Task details |
Give the data back exactly. Leave out any images.

===== Provided data =====

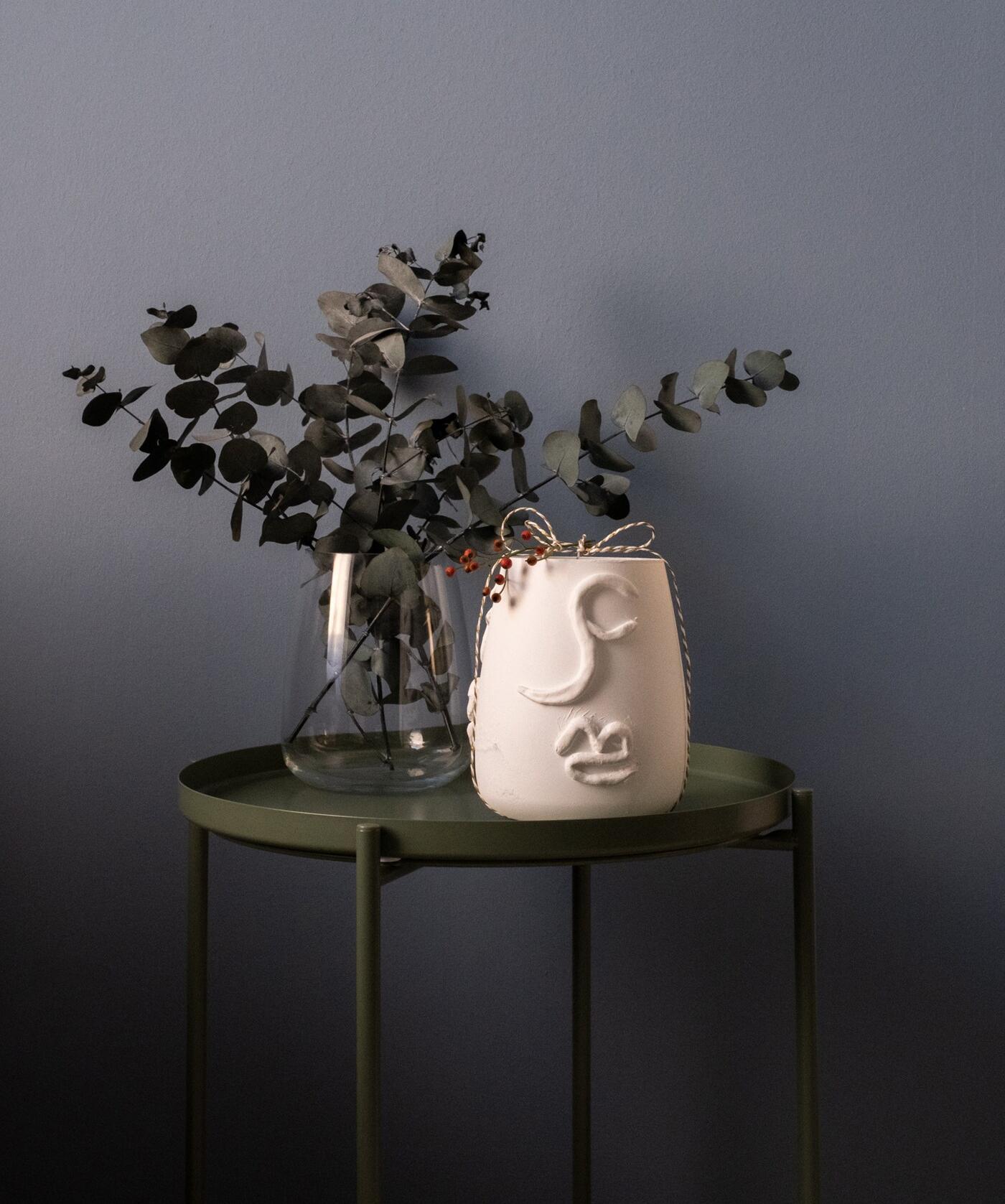 Un vase en verre avec de l'Eucalyptus et un vase en terracota sur une table d'appoint verte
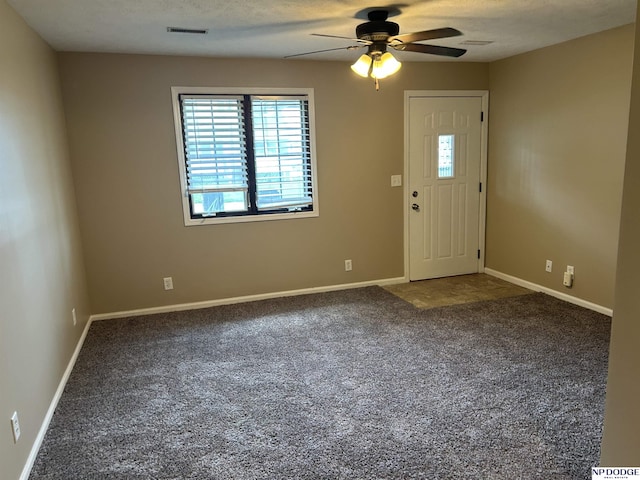 6048 P St, Omaha, NE 68117 - carpeted entrance foyer with ceiling fan and baseboards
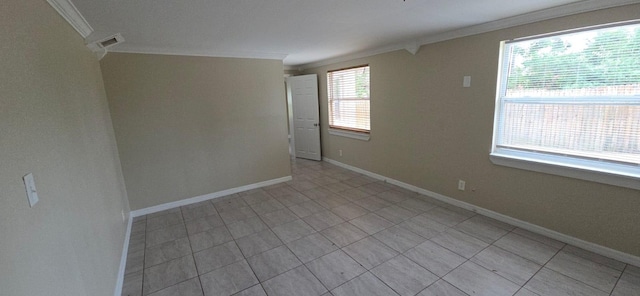 unfurnished room featuring crown molding, light tile patterned flooring, and baseboards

=====

Result of this task |
 Un vase en verre avec de l'Eucalyptus et un vase en terracota sur une table d'appoint verte
 6048 P St, Omaha, NE 68117 - carpeted entrance foyer with ceiling fan and baseboards
 unfurnished room featuring crown molding, light tile patterned flooring, and baseboards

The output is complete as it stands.